Если бы это зависело от него, скорей всего, он уехал бы. Булгаков мечтал об этом и ругал сначала жену, что его не вывезла из Владикавказа зимой 1920 года, а потом себя за то, что десять лет спустя дал в разговоре со Сталиным слабину и согласился остаться в СССР. Но, думаю, в высоком смысле это случилось потому, что не входило в замыслы Судьбы, определившей своему подопечному местожительства в СССР, дабы он написал то, что должен был написать. В эмиграции этого, скорей всего, не случилось бы. «Мастер и Маргарита» слишком московский, слишком советский роман с точки времени и места действия, и он мог быть написан только в советской стране. Получилось бы в Европе что-то другое? Мы этого не знаем, но опять же предположим, что Булгаков с его весьма конфликтным характером вряд ли вписался бы в эмигрантскую жизнь. Недаром роман «Белая гвардия», изданный во Франции на русском языке в конце 1920-х годов, прошел практически незамеченным. А когда МХТ привез в Париж «Дни Турбиных», то спектаклю и пьесе крепко досталось от Ходасевича за «советский дух». Булгаков по большому счету был для зарубежного литературного сообщества таким же чужим, как и для советского. В Париже его считали красным, в Москве — белым. Но мало этого. Как бы ни клял Михаил Афанасьевич советскую власть, как бы ни раздражали его пролетарские критики, завистники, стукачи, трусы, доносчики, как бы ни возмущала цензура, Главрепертком и прочее, в СССР у него была «крыша» в лице государства, которое по крайне мере в 1930-е годы, отняв у писателя земную славу, фактически наложив запрет на все им написанное, от чего он, конечно, сильно страдал, тем не обеспечило ему достаточно хорошие условия для плодотворной работы. А не факт, что это произошло бы во Франции. А точнее факт, что не произошло бы. Да, возможно, Булгаков смог бы печататься в мелких русскоязычных издательствах, но едва ли он заработал бы столько, сколько получал здесь как государственный служащий. Вряд ли была бы у него собственная квартира. Судьба была не зла к нему, но мудра и знала, что делала, когда оставила мастера на Родине ради его же блага.
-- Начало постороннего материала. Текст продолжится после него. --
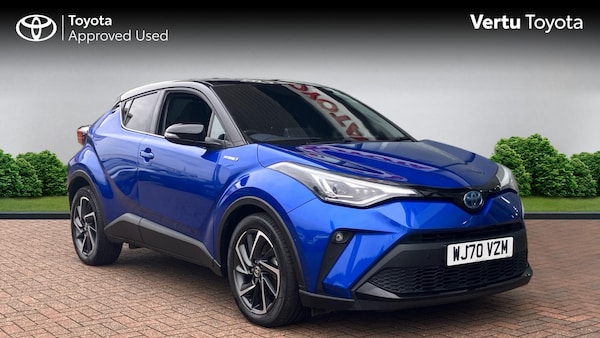 Used Toyota C-HR 2020 for sale - 76144578: Photo 1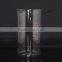 borosilicate glass measuring beaker, glass parts of coffee maker, different size, withstand boiling temperatures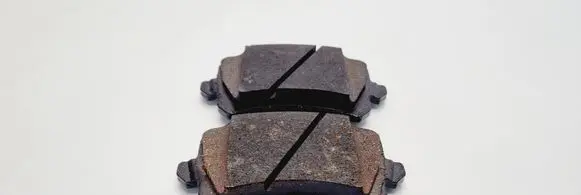 Volkswagen PASSAT B6 Brake pads (rear) GDB1763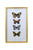 Vagabond Vintage Vintage Butterfly Print - B | Modishstore | Wall Art-2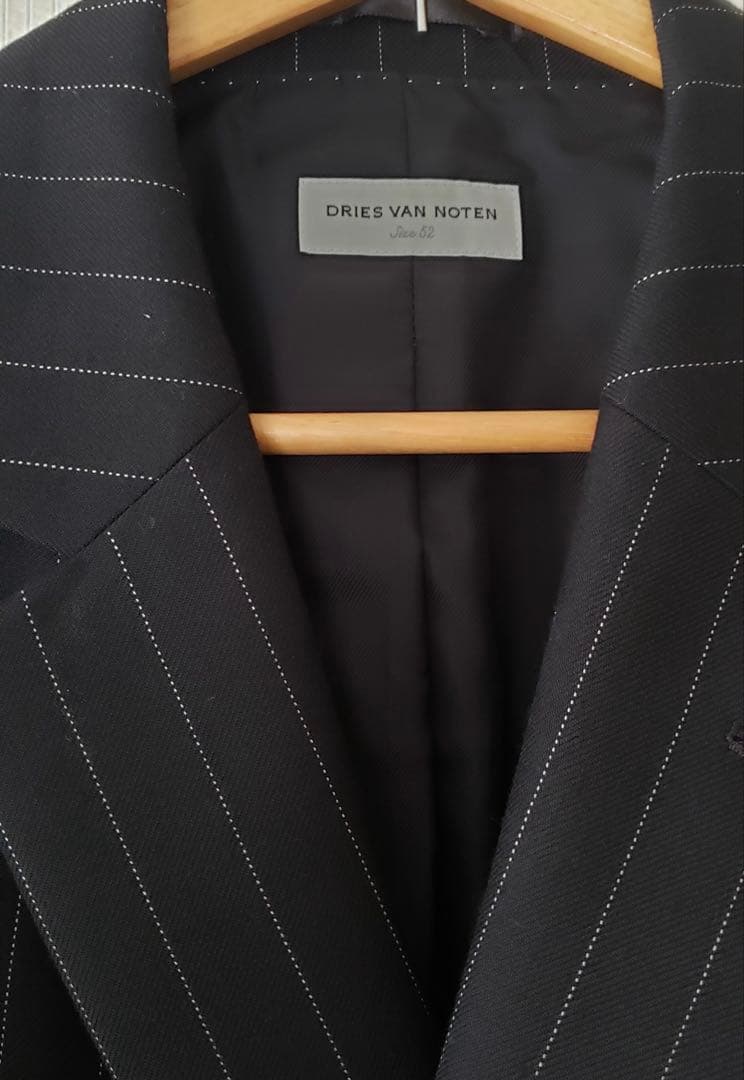 23SS DRIES VAN NOTEN ドリスヴァンノッテン　ジャケット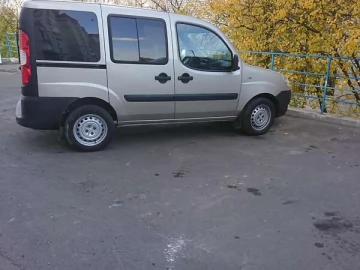 Авто Fiat Doblo 2015 № 7629160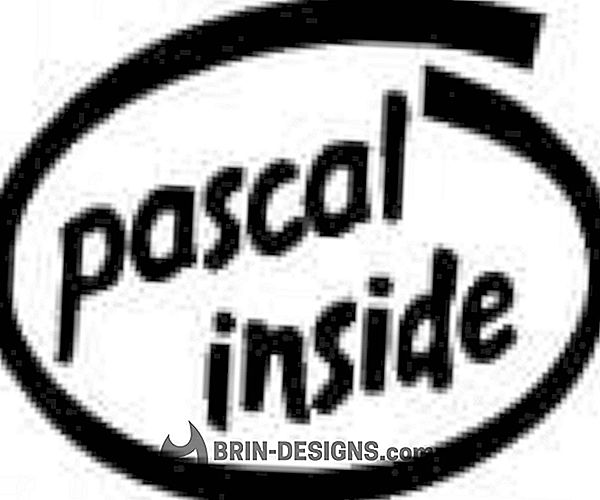 Pascal Language - Upravljanje ekranom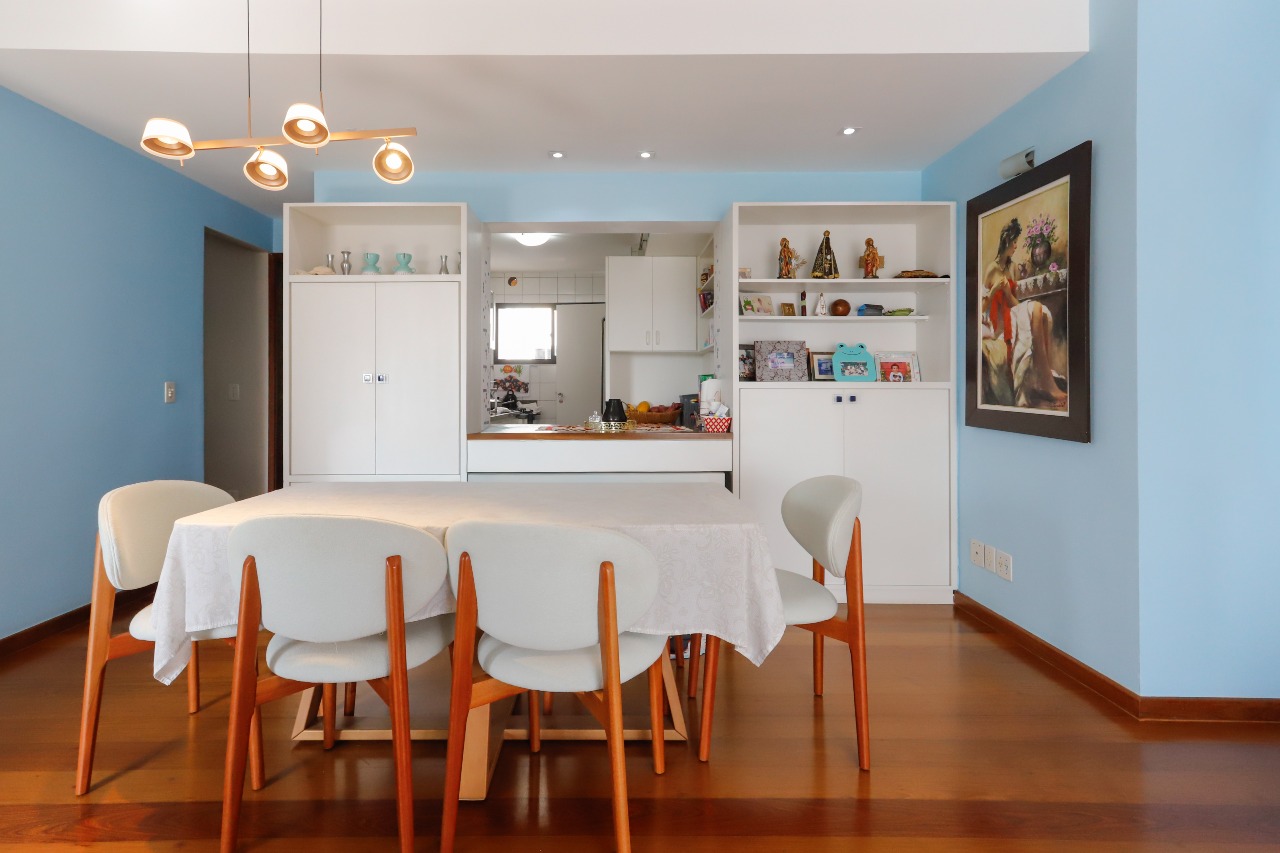 Apartamento à venda no Vila Clementino: 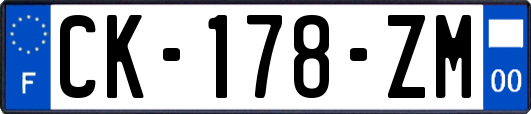 CK-178-ZM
Нередко подлинное место писателя становится очевидным только в день его похорон. Как хоронили Булгакова?
Вот, кстати, тоже темное пятно в его биографии. Мне не удалось выяснить, была ли воля Булгакова, чтобы его похоронили на Новодевичьем кладбище на участке Художественного театра, если учесть, сколько обиды этот театр ему нанес и фактически стал причиной его смерти. Но с другой стороны, а где еще было ему лежать? Что же касается подлинного места писателя, то об этом написала Ольга Леонардовна Книппер-Чехова в письме к Марии Павловне Чеховой: «Похоронили мы Булгакова, было тяжко. Думалось о его таланте и его неудачной жизни». Лучше, увы, не скажешь.